ルミナリーはゴルブに近づくと、ゴルブの後頭部を右足で踏みつけた。
「ほら、あんた達のリーダーはこうやって謝ってるのに、あんた達はボーっと突っ立ってるだけなのー?」
ルミナリーがそう言うと、他の男達も次々と土下座の体制に移っていった。
「す、凄い・・・名前を言うだけで此処まで態度が変わるだなんて・・・」
と、クロスは目の前に広がる光景を呆然としながら見ていた。
「ま、そこまでやったなら許してあげてもいいかなー?」
ルミナリーはゴルブの頭から足をのけた。
ゴルブは少し顔を上げると、何故かまたしても鼻血をタラタラと流し始めた。
「・・・白」
ゴルブがそう呟いた瞬間、ルミナリーは顔を真っ赤にしてゴルブの顔にサッカーボールキックをかました。
後ろに大きく吹き飛ばされ、仰向けになって倒れたゴルブにルミナリーは近づくと、ゴルブの体にまたがり、ゴルブの顔を爪をたてて思いっきり引っかき始めた。

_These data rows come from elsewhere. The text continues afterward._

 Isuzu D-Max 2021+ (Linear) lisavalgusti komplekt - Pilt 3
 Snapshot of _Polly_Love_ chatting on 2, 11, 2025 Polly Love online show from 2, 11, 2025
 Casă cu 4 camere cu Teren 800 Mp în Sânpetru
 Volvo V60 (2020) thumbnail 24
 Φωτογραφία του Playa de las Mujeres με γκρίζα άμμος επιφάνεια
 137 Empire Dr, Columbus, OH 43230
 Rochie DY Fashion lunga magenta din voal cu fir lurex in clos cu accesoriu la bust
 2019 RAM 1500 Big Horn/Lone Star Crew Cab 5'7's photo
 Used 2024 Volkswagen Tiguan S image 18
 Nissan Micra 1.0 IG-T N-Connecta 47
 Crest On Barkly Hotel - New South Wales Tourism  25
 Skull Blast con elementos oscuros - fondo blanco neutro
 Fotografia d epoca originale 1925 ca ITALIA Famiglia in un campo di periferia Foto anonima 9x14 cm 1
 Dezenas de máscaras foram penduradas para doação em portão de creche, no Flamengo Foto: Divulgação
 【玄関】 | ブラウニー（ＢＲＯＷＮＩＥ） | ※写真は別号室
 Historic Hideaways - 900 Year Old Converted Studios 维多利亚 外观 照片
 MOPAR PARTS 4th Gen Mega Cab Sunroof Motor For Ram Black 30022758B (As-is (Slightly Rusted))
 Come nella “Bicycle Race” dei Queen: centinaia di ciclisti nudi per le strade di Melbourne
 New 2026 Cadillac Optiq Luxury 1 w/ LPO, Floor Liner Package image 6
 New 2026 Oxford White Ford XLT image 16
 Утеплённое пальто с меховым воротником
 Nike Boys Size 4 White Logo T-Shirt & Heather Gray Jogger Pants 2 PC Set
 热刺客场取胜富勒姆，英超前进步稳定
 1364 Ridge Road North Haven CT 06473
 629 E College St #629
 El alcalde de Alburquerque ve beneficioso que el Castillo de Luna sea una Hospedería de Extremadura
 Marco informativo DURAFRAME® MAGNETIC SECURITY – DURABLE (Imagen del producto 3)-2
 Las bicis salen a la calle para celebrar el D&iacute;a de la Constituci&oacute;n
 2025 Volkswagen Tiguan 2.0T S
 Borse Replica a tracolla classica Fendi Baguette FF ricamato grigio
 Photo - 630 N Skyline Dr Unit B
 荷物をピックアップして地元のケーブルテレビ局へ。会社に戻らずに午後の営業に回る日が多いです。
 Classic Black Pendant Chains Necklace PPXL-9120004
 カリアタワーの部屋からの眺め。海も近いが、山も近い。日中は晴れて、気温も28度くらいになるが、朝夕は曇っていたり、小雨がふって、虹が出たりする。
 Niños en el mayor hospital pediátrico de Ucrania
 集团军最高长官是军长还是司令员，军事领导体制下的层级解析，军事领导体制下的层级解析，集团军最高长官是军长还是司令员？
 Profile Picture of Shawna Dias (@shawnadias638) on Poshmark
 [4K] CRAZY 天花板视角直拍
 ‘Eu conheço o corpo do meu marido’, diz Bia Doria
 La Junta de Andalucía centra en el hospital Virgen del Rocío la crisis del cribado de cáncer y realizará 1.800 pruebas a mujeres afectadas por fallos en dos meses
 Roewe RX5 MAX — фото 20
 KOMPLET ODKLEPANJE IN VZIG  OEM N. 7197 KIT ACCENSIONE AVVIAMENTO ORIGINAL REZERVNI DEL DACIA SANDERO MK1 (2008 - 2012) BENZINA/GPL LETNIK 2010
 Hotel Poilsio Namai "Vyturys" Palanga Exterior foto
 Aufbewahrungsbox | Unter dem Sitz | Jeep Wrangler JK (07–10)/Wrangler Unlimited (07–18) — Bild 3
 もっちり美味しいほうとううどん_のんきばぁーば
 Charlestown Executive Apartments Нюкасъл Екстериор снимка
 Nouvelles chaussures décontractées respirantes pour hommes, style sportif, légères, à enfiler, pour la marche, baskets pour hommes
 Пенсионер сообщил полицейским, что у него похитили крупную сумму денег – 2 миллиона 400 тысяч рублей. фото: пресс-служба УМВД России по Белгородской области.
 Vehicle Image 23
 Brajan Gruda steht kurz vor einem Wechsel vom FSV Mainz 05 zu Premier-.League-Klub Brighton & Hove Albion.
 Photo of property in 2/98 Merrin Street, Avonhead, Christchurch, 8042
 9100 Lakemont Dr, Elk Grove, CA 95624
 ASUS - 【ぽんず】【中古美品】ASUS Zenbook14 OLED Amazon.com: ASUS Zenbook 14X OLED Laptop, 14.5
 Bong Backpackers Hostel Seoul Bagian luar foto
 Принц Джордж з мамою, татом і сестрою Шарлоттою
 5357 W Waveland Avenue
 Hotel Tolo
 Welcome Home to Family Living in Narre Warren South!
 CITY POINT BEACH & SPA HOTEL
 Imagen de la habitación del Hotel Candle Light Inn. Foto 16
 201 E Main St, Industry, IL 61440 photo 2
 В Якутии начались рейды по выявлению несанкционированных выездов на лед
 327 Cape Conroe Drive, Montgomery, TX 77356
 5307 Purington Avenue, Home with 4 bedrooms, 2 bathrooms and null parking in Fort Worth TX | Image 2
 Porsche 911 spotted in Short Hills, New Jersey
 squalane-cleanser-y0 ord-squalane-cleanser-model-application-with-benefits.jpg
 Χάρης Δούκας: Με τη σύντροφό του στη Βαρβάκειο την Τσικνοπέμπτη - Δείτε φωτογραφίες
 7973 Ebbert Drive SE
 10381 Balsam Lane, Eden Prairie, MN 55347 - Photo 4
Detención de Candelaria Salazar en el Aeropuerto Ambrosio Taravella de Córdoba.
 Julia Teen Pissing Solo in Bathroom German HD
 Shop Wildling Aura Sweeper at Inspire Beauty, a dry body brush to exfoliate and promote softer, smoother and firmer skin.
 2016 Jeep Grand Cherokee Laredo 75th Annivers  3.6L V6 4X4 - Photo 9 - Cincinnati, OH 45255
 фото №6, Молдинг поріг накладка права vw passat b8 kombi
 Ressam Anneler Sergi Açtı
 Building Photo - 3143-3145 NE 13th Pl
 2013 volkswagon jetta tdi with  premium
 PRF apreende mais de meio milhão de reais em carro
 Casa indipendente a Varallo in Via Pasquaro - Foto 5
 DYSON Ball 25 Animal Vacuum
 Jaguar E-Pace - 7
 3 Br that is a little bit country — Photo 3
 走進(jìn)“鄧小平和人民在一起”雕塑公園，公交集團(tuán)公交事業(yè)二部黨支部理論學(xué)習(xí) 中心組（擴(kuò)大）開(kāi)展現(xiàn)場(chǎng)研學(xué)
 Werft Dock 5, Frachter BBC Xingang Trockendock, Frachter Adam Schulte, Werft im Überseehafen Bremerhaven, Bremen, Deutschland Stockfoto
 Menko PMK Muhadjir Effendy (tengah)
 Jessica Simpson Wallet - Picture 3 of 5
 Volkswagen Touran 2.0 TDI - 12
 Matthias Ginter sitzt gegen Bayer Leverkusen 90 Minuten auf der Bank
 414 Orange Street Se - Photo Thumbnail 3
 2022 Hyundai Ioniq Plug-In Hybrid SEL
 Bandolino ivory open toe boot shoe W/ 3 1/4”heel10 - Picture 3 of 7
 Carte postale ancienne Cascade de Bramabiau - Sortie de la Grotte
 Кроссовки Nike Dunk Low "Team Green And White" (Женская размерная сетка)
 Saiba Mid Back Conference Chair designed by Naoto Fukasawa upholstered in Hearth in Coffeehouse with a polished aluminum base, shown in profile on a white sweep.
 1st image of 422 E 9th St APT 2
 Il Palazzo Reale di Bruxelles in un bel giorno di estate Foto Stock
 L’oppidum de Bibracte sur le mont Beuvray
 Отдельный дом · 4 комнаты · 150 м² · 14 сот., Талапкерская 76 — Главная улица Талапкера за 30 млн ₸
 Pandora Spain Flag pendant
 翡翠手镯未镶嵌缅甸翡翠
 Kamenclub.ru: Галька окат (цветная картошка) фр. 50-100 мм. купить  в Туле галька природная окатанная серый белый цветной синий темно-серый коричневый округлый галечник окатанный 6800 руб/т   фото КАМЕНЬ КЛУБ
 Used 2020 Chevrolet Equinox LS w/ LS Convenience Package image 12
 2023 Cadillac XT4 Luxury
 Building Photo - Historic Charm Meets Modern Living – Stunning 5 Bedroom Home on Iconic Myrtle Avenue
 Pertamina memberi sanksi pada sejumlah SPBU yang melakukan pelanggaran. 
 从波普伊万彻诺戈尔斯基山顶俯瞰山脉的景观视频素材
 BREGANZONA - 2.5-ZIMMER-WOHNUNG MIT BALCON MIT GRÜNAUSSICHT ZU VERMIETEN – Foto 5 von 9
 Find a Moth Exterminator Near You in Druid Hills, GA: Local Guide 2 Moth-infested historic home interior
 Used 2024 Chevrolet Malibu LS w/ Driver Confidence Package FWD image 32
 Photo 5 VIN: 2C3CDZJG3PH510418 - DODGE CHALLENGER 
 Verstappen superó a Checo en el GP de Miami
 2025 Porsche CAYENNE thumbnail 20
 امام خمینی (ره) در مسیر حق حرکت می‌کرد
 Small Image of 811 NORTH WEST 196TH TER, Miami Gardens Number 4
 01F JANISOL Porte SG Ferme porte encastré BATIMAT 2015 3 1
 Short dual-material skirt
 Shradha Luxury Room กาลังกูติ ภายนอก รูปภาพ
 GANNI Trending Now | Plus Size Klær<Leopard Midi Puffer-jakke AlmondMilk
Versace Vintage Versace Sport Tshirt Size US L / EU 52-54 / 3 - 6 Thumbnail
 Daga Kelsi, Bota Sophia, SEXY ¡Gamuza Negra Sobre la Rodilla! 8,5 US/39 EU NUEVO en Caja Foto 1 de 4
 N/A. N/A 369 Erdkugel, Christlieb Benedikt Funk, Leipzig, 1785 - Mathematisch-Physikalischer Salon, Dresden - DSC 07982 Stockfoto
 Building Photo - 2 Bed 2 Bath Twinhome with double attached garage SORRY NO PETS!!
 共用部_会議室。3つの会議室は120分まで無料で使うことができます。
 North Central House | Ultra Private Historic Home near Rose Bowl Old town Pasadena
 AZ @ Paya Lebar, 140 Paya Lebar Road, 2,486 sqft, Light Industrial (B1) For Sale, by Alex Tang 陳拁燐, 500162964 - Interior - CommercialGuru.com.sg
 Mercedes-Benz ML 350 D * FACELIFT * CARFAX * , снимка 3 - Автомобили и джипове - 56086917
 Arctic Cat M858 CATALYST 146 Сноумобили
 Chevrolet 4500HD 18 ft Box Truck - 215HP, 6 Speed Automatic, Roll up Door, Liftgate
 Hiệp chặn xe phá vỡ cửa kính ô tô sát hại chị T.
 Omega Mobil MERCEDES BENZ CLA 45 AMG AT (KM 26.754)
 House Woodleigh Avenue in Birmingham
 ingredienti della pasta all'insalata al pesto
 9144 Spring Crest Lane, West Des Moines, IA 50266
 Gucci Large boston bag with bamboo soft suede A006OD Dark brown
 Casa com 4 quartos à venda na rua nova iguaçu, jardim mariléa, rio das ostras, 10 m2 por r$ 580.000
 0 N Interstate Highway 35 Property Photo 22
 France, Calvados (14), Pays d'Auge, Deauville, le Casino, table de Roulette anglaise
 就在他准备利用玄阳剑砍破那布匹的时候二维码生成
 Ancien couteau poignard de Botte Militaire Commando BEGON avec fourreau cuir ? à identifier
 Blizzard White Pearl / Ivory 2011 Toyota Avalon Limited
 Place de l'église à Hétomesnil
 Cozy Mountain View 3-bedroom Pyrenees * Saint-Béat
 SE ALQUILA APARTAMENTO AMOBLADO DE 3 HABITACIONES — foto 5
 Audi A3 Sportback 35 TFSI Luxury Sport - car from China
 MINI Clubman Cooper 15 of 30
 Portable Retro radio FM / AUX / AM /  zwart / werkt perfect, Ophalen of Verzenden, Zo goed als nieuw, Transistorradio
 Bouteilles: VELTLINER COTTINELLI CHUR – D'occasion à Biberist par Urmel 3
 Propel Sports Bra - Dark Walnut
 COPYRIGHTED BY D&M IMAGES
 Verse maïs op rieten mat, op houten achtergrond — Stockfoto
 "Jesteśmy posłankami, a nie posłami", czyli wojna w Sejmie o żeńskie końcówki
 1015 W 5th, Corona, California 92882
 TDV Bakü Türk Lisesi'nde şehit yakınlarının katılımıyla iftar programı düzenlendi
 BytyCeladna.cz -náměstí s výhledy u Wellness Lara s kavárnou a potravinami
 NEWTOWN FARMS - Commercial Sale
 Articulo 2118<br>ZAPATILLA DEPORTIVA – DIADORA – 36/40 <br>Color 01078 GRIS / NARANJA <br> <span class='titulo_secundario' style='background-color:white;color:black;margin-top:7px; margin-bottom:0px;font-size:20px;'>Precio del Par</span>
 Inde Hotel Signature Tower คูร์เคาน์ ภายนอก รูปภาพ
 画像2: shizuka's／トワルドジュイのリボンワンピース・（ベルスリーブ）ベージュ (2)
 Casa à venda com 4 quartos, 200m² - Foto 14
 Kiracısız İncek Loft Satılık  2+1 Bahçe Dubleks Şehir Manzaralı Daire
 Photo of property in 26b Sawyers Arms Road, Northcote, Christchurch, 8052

「この、変態!スケベ!屑男!この、この、このー!!」
そのあまりに恐ろしい光景に、ゴルブの仲間達や舞姫やクロスは、どうすることもできずに黙ったままだった。
数分後、やっとルミナリーの気が治まり、ゴルブから離れた頃には、ゴルブは顔を傷だらけにして地面にぶっ倒れていた。
「ゴ、ゴルブさん!!」
ゴルブの仲間達はゴルブを担ぐと、そそくさと店から出て行ってしまった。
「・・・あーあ、食欲とかなくなっちゃった」
と、ルミナリーが呟いた。
「・・・で、では、もう今日は帰りますか・・・?」
と、舞姫は少し怖がりつつもルミナリーに向かって言った。
「うん、そうするー」
「では・・・クロスさん、勘定を・・・」
「え、あ、はい・・・いや、今回は卵焼きだけなんで、結構です・・・」
「そうですか・・・では、これで失礼します」
「また今度、時間があったら来てあーげる」
ルミナリーと舞姫は、その後店から出て行った。
十八時五十分頃、フレイはショッピング街中央に位置する超高層ビル「グリーンウッド」の屋上でたそがれていた。
「やっぱり、ここの風は別格だぜ」
と、フレイが呟いたその時、フレイの携帯が鳴った。
「ったくせっかく気持ちよく風を受けてたってのによ・・・あーもしもし?」
「もしもし、ビスカントだが。もう相手は到着してるかい?」
「ワリッ、まだ俺が会議室に入ってない」
「それは流石に困るねぇ。早くしたまえ」
「はいはいっと」
フレイはそう言って、携帯電話を切り、屋上からビルの内部に入った。
今回の会合のある会議室は、この五十階建てビルの十五階に存在する。
フレイは近くにあったエレベーターに乗り込むと、十五階のボタンを押した。
その時、またしてもフレイの携帯が鳴った。
「あ?今度は誰だよ・・・もしもし?」
「もしもし、フレイさんですか?」
「おお、お前は確か会議室の掃除担当の」
「はい、そうです。それで、実は今更なんですが、どうやら昼ごろに何者かがビルに侵入したそうなんです」
「本当に今更だなおい。もっと詳しい情報はねぇのかよ」
「すみません・・・監視カメラに少し影が映ってた程度で、良く分からないです」
「じゃあ、会議室に何か仕掛けられたとか」
「爆弾らしきものも、何も見つかりませんでした」
「じゃあ、それ多分見間違いだわ。んじゃ」
「え、ちょっとフレイさん・・・」
フレイはそこで携帯を切った。
数分後、エレベーターは十五階に停まった。
フレイはエレベーターから降りて、色んな係員が行き交う廊下を進んでいった。
そして、会議室前の扉に着くと、フレイは扉を勢いよく開けた。
「うぃーっす」
フレイはそう言いながら中に入ると、其処には既にRoo FamilyのメンバーとDevil Familyのメンバーが全員揃っていた。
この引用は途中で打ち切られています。